Hi all,
I’ve recently just upgraded from Electric Eel to Fangtooth, following which my NAS stopped booting.
Upon checking I saw the following error in initramfs:
Command: /sbin/zpool import -N -f 'boot-pool'
Message: cannot import 'boot-pool': more than one matching pool
import by numeric ID instead
Error: 1
Failed to import pool 'boot-pool'.
Manually import the pool and exit.
Following this I checked the boot-pool disks like this:
blkid | grep boot-pool
This outputted the info for two partitions /dev/sdb4 and /dev/sdb3, sorry I won’t transcribe it, it was very long and full of UUIDs, but there is a photo.
Next I ran zpool import -N and it showed me all the available pools, of which there were two boot-pools. One of them was showing as unavailable, so I imported the other one by ID. zpool import -N -f <available boot pool id>
And finally exit, my NAS then booted as normal.
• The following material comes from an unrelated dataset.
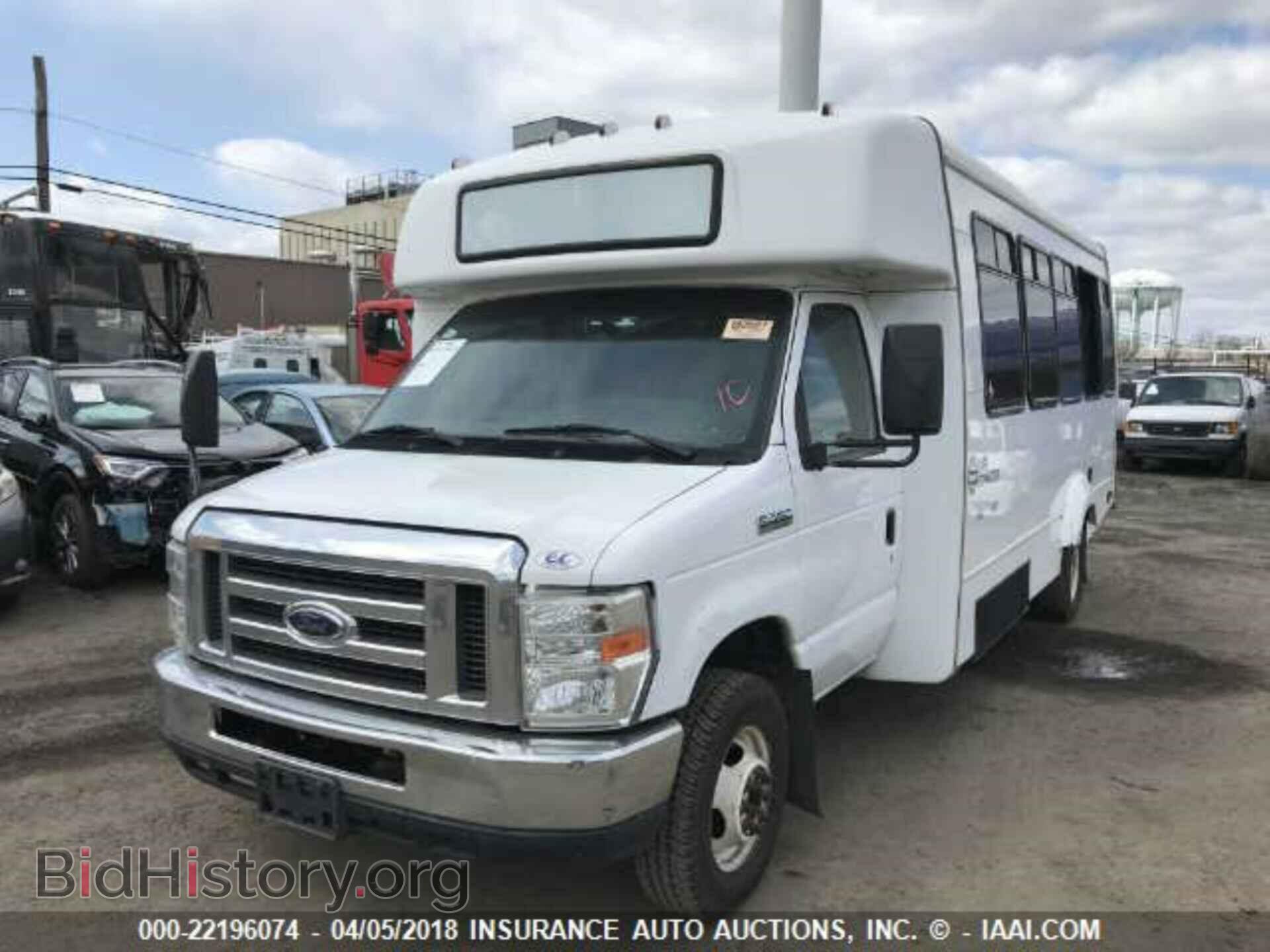 2011 Ford Econoline - VIN: 1FDFE4FS5BDA49164 - Photo 2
Problem I have now is I’m not sure how to permanently resolve this duplicate broken boot-pool for the next boot, hoping I can do it from the running system because it’s much easier than sitting in my attic with a keyboard and monitor on initramfs.
Once the system was booted, SSHing onto it, then running:
sudo zpool import
would list any remaining non-imported ZFS pools.
For me, the only remaining pool was the broken boot-pool, which included it’s disk identifier of sdb4:
$ sudo zpool import -N
pool: boot-pool
id: 7949480711897841586
state: UNAVAIL
status: One or more devices contains corrupted data.
action: The pool cannot be imported due to damaged devices or data.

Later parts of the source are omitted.